Responsible AI Principles
Our framework is built on four key principles designed to empower every individual to engage with AI safely and consciously.
Understanding
The first step to using AI responsibly is recognizing when it is at work. AI has real power and shapes many everyday experiences. What you watch, how services respond to you and how information is organized, everything is influenced by AI. Understanding AI means seeing it clearly. It is a technology created by people, trained on large amounts of data and designed to support decisions at speed + scale. When you are aware of this, you stay in control. You can use AI with confidence, question its outputs when needed and make informed choices. Use its power as a tool to speed up tasks and don't let it make decisions for you.
Fairness
An AI system is only as fair in it's assessments as the data it’s trained on. AI learns from real-world data and may reflect or accentuate the same gaps/inequalities that exist in our society. A responsible approach to AI means paying attention to how its decisions affect different people.
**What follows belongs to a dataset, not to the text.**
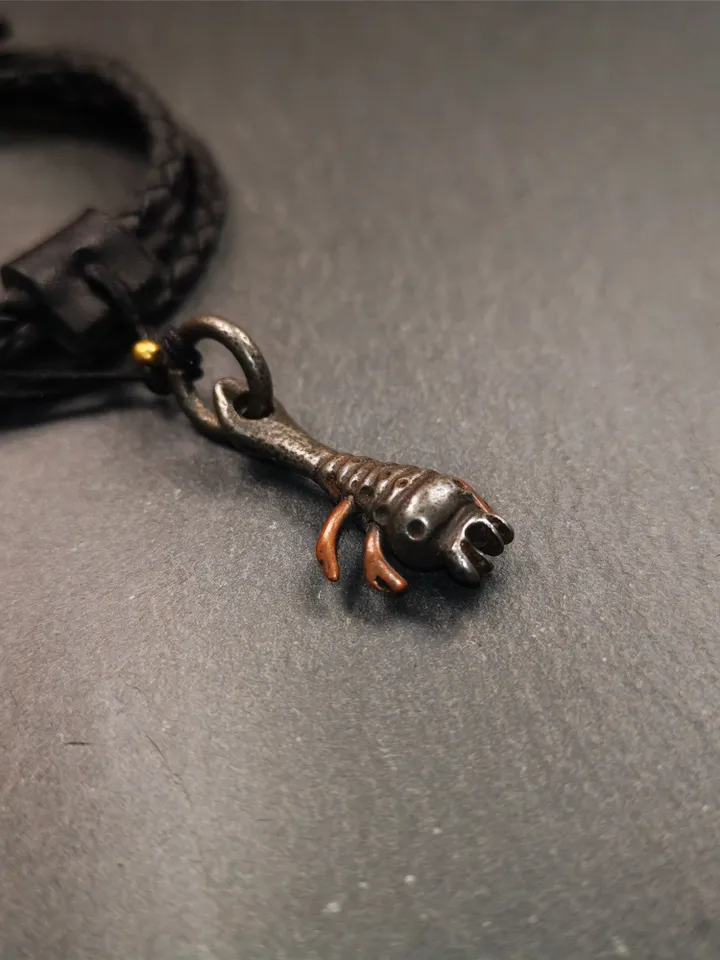 Gandhanra Antique Tibetan Thokcha Amulet Pendant,Scorpion Guru of Padmasambhava, Buddhist Scorpion Totem, Made of Thunder Iron,1.26"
It asks us to consider who benefits, who may be overlooked and whether outcomes are equitable. For example, an AI used in hiring or identification may perform better for some groups than others if fairness is not actively considered. Ensuring fairness is a shared responsibility. By questioning, reviewing and improving AI systems, we help make sure they serve the public good and reflect the diversity of the communities they impact.
Transparency
Transparency in AI means you have the right to understand how decisions about you are made. When AI influences things like what content you see, whether a service is approved or how information is ranked, those decisions should not feel like a mystery. A responsible approach to AI means systems should be able to explain their outcomes in clear, human language. It asks simple questions: Why did this happen? What information was used? Who is responsible for the result? Transparency puts people in the loop. By asking for explanations and expecting clarity, citizens help ensure AI decisions can be questioned, checked and trusted—so technology works with the public, not around it.
Agency
Agency is the right to be more than a data point. AI can sort, score and predict, but it cannot fully understand a person’s values, intentions or lived experiences. This principle affirms that decisions affecting people should not be reduced to automated outputs alone. AI may assist decisions, inform choices, but it should not define them. Preserving agency ensures that human judgment, context and responsibility remain at the centre. Technology should expand human possibility rather than narrowing it.